Govt to consider merging inadequate drinking water suppliers
By Paul McBeth
Dec. 6 (BusinessDesk) - The government will consider merging council-run drinking water suppliers among the raft of
recommendations to deal with New Zealand's inadequate drinking water system.
Attorney-General David Parker today released the second stage of the government's inquiry into Havelock North Drinking
Water, outlining 51 recommendations including legislation rewrites and tougher regulation to deal with a failure to
provide safe drinking water to all of the country's population. The inquiry panel chaired by retired appeal court judge
Lyn Stevens found in their follow-up report that the contamination of Havelock North's water supply wasn't confined to
that region, with water suppliers across the country sharing those problems and many not meeting minimum compliance
levels.
"These findings point to a widespread systemic failure among water suppliers to meet the high standards required for the
supply of safe drinking water to the public," the report said. "The industry has demonstrated that it is not capable of
itself improving when the standards are not met."
The investigation was triggered by the outbreak of a gastro illness, laying low more than 2,000 people in the Hawke's
Bay town in 2016 when the local supply, sourced from shallow bores extracting groundwater, was contaminated.
The panel, rounded out by NZQA chief executive Karen Poutasi and Wellington engineer Anthony Wilson, said the government
should make "a decisive and definitive assessment of whether to mandate, or persuade, suppliers to establish aggregated
dedicated water suppliers", which could provide greater economies of scale "to improve compliance, competence and
accountability," in their report.
Other recommendations include universal treatment of water, setting up a new independent drinking water regulator,
strengthening legislation, and imposing a licensing system.

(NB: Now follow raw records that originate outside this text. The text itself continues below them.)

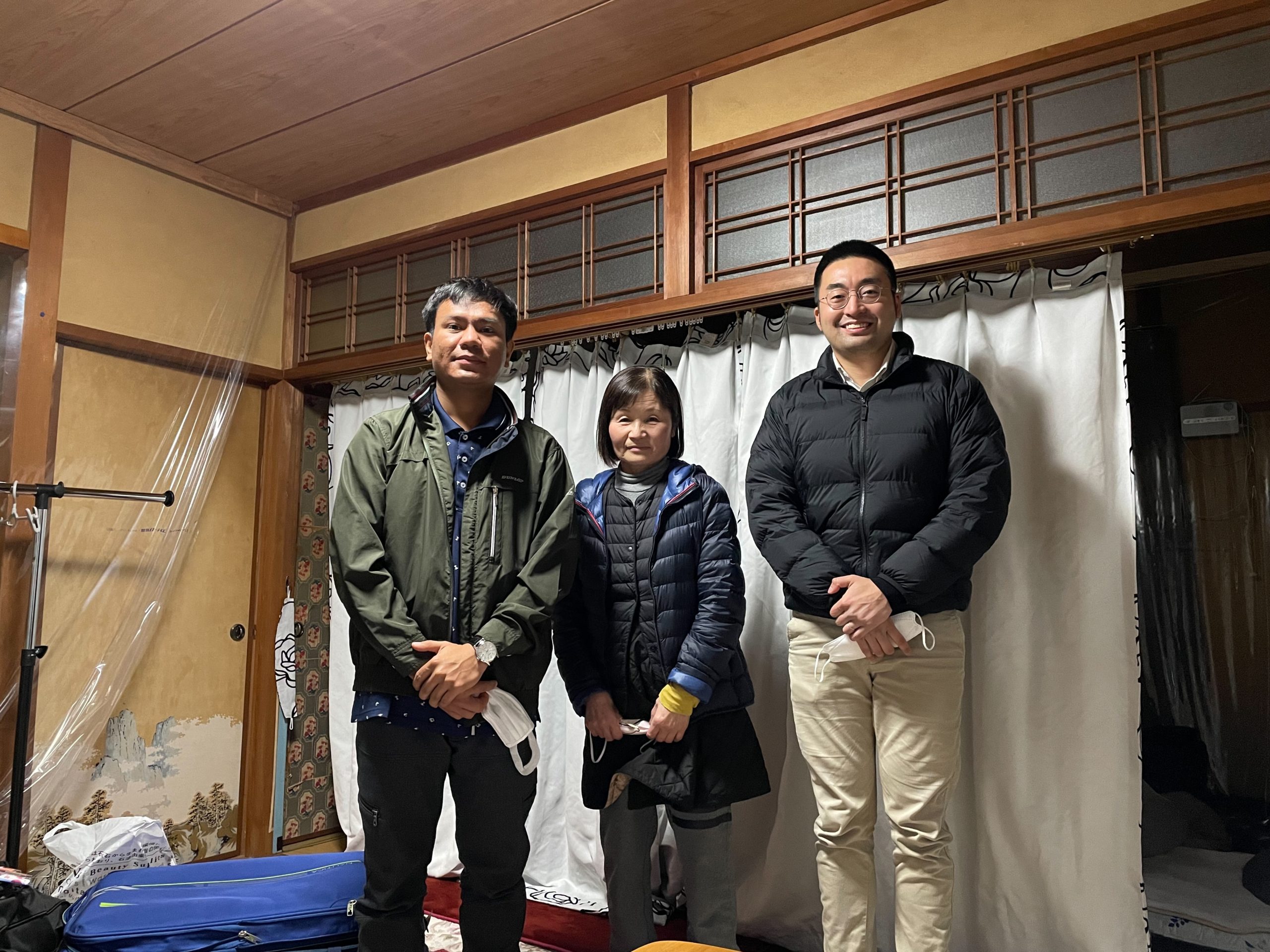 熊本県の養豚業様に配属いたしました。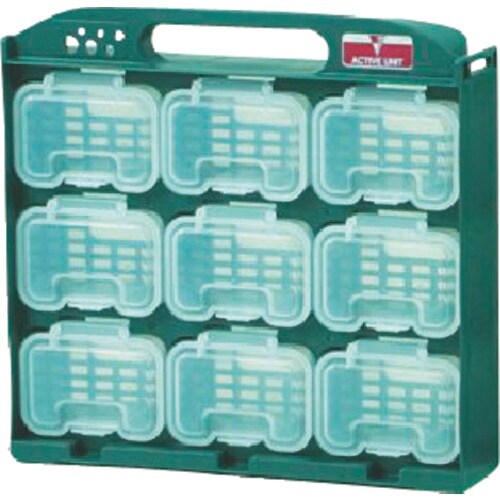 タスコ パーツケース(9パーツ)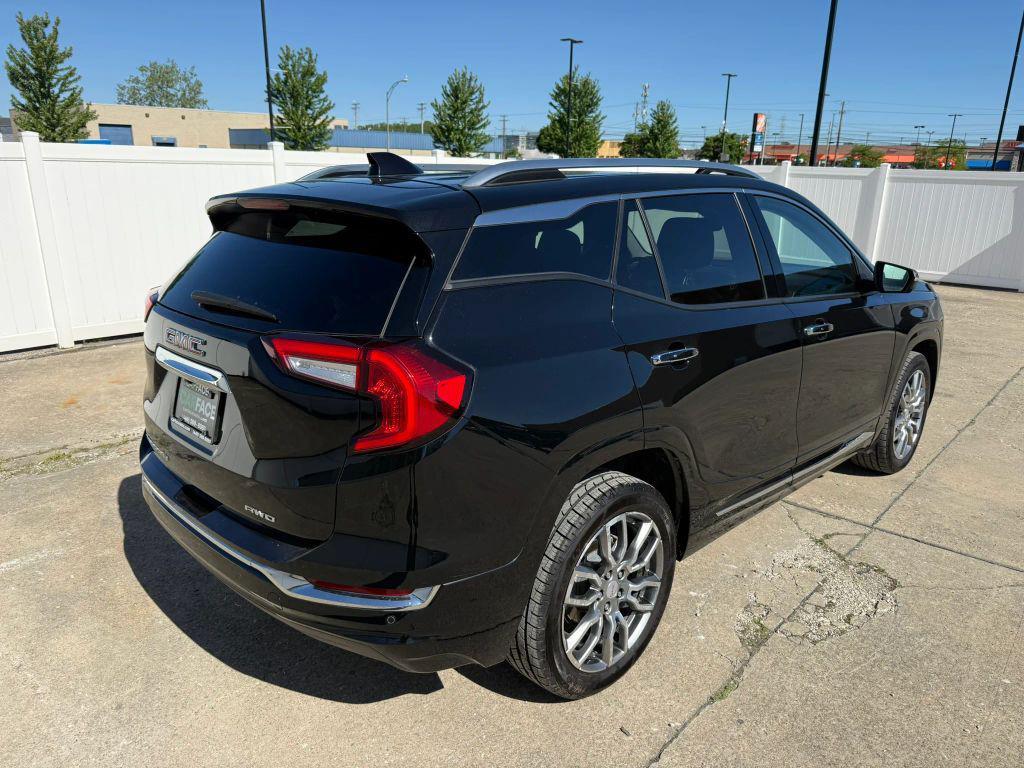 used 2022 GMC Terrain car, priced at $20,250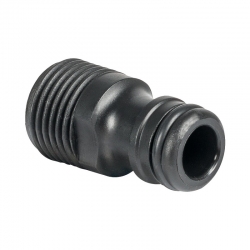 Threaded ECONOMIC 1/2" connector with a male junction - CELLFAST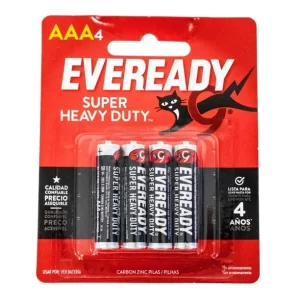 KIT DE PILAS AA EVEREADY
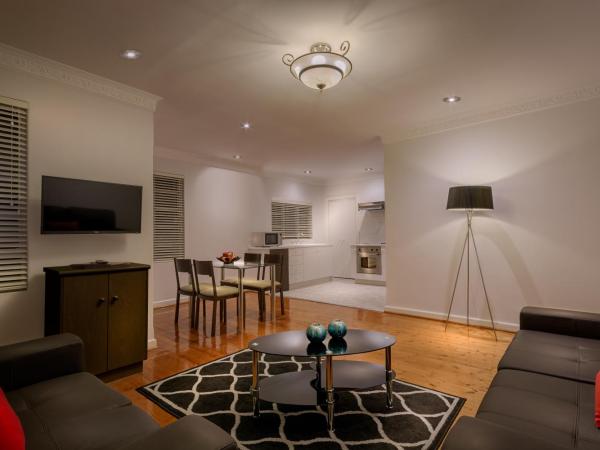 Crest On Barkly Serviced Apartments : photo 4 de la chambre appartement 1 chambre standard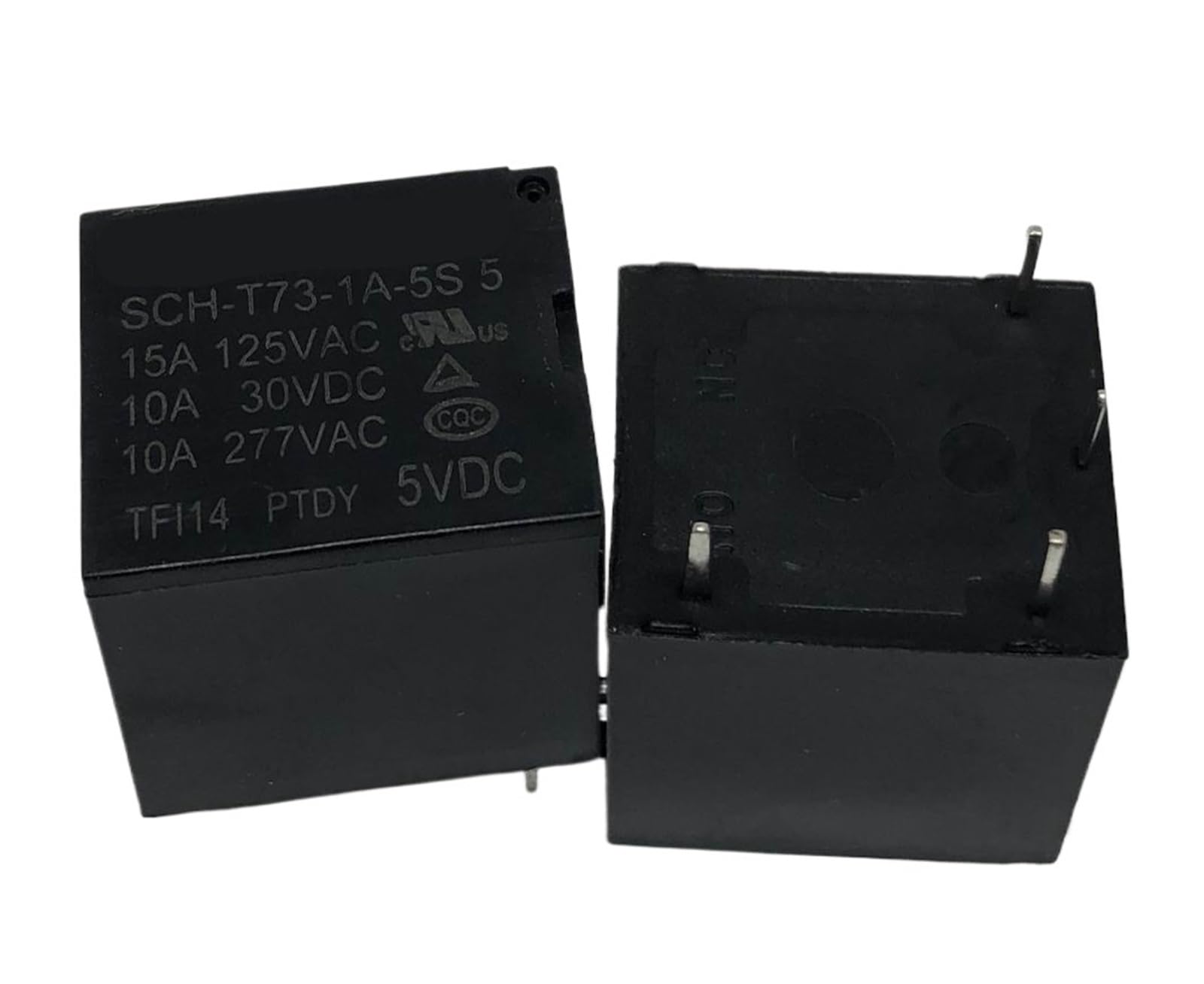 ICXLPMC 1pc SCH-T73-1A-5S 5 Relay 4pins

Health Minister David Clark is seeking urgent advice to put to Cabinet before Christmas, while Parker, who is also
Environment Minister, is seeking advice on the recommendations and regulations.
Water quality has been a vexed issue for political parties, with the previous administration attempting to find
consensus through the Land and Water Forum, while the ruling Labour Party was forced to drop its planned tax for
commercial water use by coalition partner NZ First, although they do plan to impose a levy on drinking water exports.
The report estimates more than 759,000 people were exposed to potentially unsafe water in 2015/16 and between 18,000 and
100,000 people probably got sick. That's thought to cost the country $12.5 million-to-$23.7 million a year, excluding
extra costs of an outbreak or the intangible cost of pain, suffering and death, the report said.
Parker said the government has written to mayors and district health boards around the country to check the water
they're supplying their residents is meeting current standards.